* [Exercise objective] Line by line, repeat the material below exactly and leave the images out.

--- Data below Enclosed Below ---

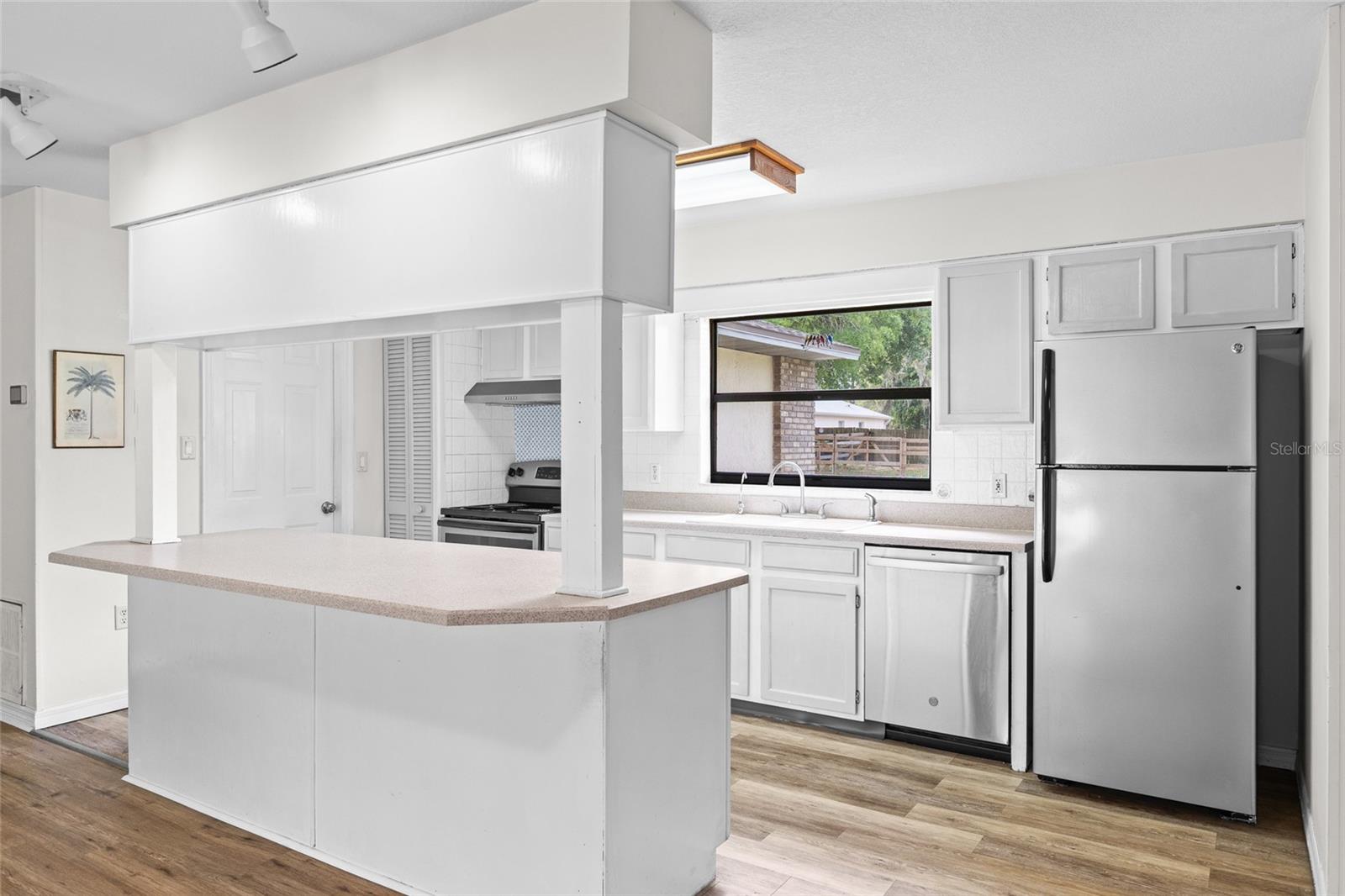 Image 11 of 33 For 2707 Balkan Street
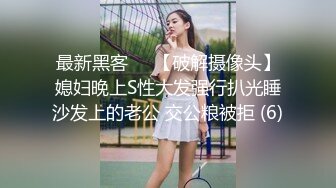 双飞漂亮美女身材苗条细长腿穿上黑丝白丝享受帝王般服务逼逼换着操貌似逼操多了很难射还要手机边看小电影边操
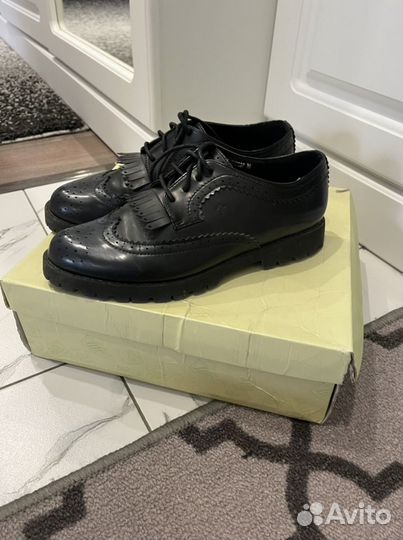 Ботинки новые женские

--- End of Enclosed Data below ---

* [Reply to the task]
 Image 11 of 33 For 2707 Balkan Street
 双飞漂亮美女身材苗条细长腿穿上黑丝白丝享受帝王般服务逼逼换着操貌似逼操多了很难射还要手机边看小电影边操
 Ботинки новые женские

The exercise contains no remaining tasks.